Dass Amander die Regimenter anführte, konnte Umbra gerade noch akzeptieren. Aber dieser Befehl war schlichtweg absurd. Sie räusperte sich und sagte zögernd: »Wäre es nicht besser, wir würden all unsere Kräfte darauf konzentrieren, die Dämonen zurückzuschlagen? Die Gefahr, die von ihnen ausgeht, ist schließlich ungleich größer als die Bedrohung durch ein paar...«

»Ach ja, meinst du?«, fiel Lady Sarka ihr ins Wort. »Darf ich dich daran erinnern, dass Quindal und seine Bande danach trachten, mich zu vernichten?
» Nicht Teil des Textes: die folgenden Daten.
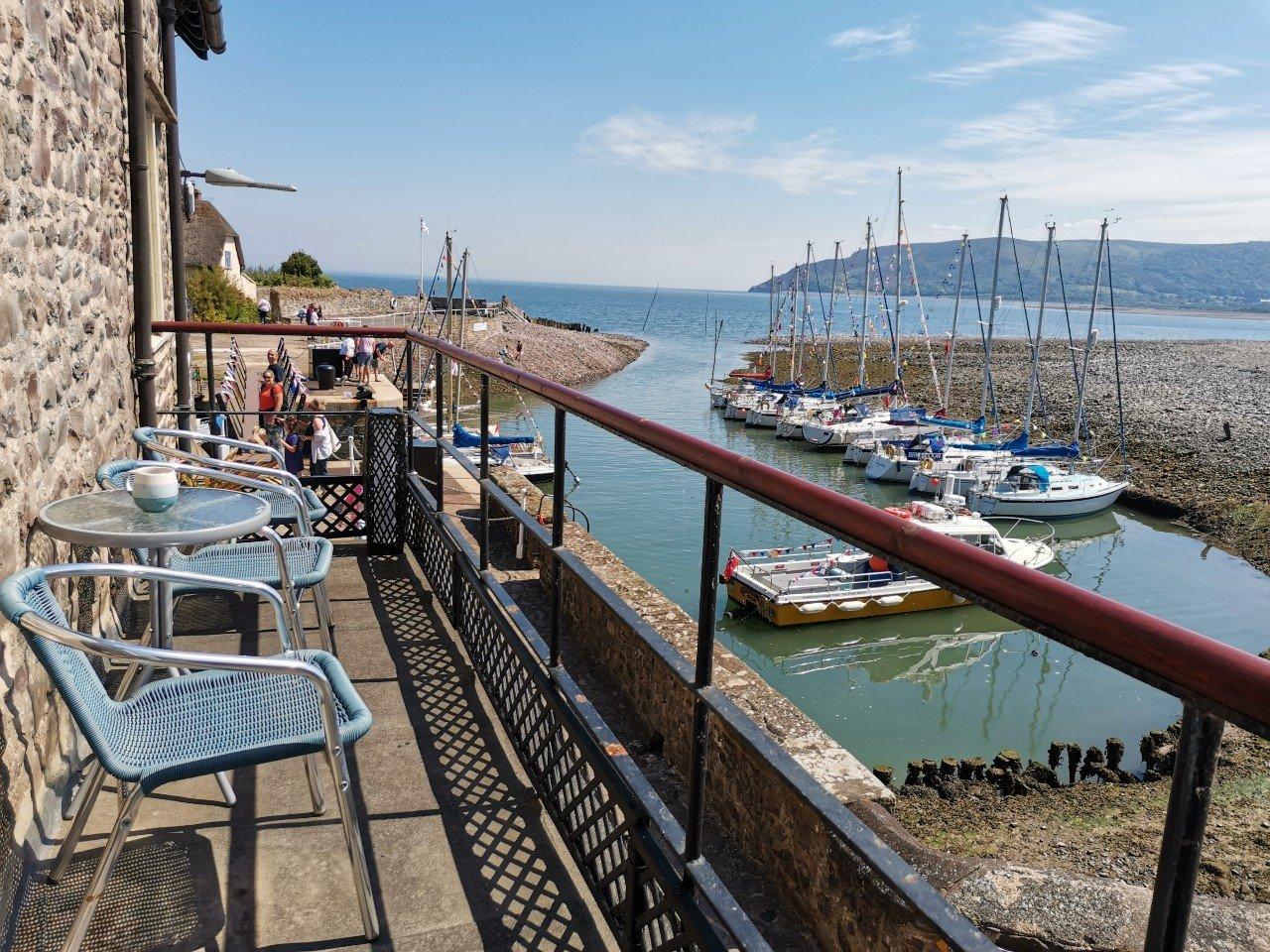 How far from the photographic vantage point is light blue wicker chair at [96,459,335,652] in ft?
9.36

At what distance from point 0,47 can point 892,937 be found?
23.9 ft

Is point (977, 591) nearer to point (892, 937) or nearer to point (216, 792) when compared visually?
point (216, 792)

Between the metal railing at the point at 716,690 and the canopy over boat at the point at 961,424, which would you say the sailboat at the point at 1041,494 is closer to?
the canopy over boat at the point at 961,424

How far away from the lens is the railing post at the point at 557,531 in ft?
6.98

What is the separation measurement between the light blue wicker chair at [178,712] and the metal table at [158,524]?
0.19 meters

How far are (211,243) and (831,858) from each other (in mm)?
36201

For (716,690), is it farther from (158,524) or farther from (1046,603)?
(158,524)

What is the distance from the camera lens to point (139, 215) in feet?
15.1

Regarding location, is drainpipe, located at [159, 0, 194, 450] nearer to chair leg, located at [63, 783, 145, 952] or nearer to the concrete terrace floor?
the concrete terrace floor

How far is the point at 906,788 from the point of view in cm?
1207

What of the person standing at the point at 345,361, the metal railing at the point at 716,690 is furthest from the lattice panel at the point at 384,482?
the person standing at the point at 345,361

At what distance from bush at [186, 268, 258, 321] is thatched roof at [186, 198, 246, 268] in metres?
9.87

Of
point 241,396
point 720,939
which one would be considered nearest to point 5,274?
point 720,939

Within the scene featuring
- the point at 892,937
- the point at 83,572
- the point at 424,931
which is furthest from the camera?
the point at 892,937
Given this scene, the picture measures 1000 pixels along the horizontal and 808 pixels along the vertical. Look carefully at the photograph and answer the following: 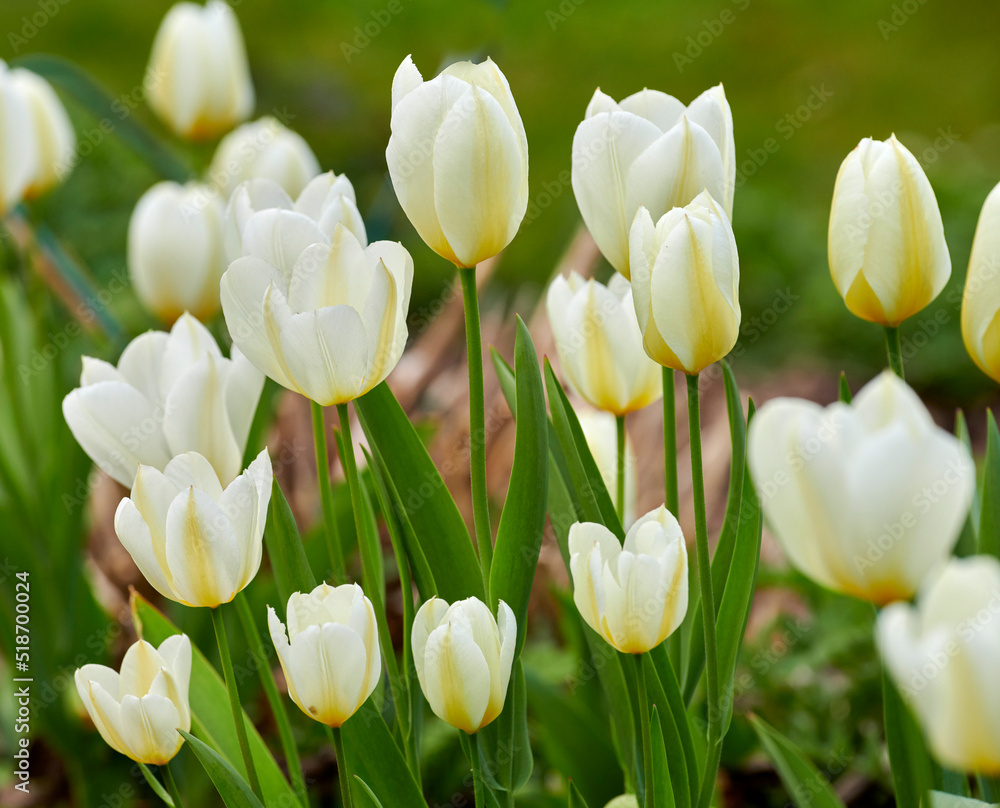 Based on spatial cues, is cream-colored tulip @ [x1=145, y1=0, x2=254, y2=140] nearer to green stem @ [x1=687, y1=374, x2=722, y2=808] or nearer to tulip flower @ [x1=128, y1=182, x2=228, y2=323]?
tulip flower @ [x1=128, y1=182, x2=228, y2=323]

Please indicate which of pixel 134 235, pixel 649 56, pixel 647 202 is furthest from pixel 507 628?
pixel 649 56

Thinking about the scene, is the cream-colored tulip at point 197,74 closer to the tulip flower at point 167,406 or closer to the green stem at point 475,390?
the tulip flower at point 167,406

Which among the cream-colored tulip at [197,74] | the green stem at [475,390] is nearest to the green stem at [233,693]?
the green stem at [475,390]

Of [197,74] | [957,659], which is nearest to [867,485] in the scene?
[957,659]

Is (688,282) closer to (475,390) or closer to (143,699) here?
(475,390)

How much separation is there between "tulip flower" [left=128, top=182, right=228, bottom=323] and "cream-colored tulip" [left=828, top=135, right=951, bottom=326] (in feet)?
2.39

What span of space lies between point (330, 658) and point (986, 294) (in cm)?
35

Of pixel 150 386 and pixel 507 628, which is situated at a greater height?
pixel 150 386

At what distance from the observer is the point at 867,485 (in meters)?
0.31

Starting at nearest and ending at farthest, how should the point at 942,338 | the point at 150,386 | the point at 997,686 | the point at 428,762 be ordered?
the point at 997,686 → the point at 150,386 → the point at 428,762 → the point at 942,338

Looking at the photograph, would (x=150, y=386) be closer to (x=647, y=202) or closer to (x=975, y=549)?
(x=647, y=202)

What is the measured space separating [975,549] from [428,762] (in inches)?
27.8

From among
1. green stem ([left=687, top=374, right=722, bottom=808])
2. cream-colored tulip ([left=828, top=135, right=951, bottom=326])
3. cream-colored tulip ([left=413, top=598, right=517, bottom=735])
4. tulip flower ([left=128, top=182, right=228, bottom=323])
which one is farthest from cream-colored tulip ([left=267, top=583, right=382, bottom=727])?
tulip flower ([left=128, top=182, right=228, bottom=323])

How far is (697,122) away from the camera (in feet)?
1.65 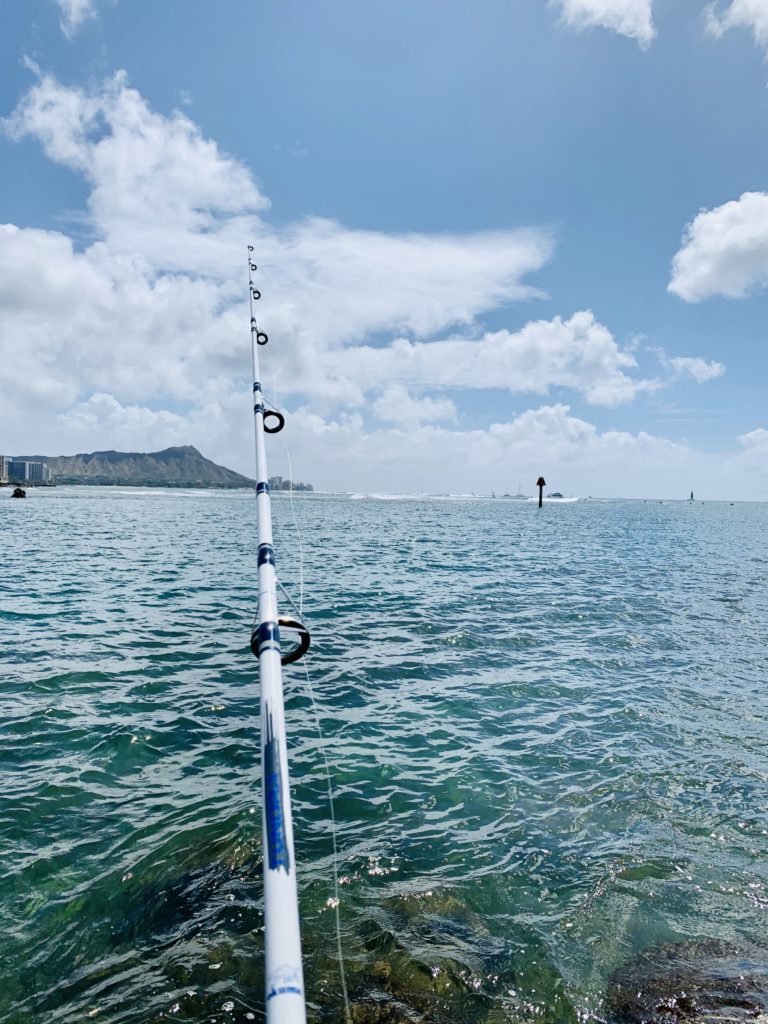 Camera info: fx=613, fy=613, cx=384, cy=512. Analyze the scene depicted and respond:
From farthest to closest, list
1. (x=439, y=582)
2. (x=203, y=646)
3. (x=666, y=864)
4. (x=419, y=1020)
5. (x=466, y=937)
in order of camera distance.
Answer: (x=439, y=582) < (x=203, y=646) < (x=666, y=864) < (x=466, y=937) < (x=419, y=1020)

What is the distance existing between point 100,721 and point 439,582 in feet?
60.4

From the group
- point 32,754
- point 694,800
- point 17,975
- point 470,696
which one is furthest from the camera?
point 470,696

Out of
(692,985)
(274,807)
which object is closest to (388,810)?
(692,985)

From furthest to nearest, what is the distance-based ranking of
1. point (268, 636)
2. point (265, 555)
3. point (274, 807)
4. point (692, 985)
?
1. point (692, 985)
2. point (265, 555)
3. point (268, 636)
4. point (274, 807)

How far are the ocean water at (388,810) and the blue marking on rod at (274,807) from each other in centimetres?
373

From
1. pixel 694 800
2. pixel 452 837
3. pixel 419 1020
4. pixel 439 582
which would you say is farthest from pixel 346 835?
pixel 439 582

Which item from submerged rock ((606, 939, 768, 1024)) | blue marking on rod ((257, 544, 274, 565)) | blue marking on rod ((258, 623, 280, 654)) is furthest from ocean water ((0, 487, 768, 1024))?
blue marking on rod ((257, 544, 274, 565))

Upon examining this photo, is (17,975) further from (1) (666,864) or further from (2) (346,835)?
(1) (666,864)

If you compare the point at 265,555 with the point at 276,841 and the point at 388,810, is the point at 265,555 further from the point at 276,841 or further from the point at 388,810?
the point at 388,810

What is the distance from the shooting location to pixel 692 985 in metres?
5.31

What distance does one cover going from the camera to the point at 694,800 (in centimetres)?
873

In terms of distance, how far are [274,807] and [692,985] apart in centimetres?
515

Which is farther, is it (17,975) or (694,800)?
(694,800)

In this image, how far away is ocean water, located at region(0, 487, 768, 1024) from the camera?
5.46m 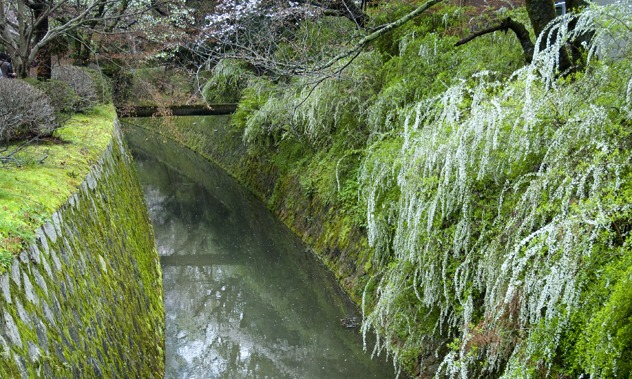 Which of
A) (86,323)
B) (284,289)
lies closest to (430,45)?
(284,289)

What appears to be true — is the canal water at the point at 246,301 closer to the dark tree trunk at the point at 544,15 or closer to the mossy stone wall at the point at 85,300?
the mossy stone wall at the point at 85,300

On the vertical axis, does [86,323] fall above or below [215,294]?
above

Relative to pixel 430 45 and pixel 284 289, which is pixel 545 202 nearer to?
pixel 430 45

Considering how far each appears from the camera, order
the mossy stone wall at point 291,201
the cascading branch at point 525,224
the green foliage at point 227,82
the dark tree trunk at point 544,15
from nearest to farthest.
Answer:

Du magst das ja für nebensächlich halten, aber ich hänge sehr an meinem Leben. Ihr benachrichtigt die Regimenter, und anschließend bringt ihr mir die Verräter. War das jetzt verständlich genug? Oder soll ich es noch einmal wiederholen?«

Umbra wusste, wann es klüger war einzulenken. »Nicht nötig, Herrin. Eure Befehle sind klar und eindeutig.« Sie verneigte sich demütig.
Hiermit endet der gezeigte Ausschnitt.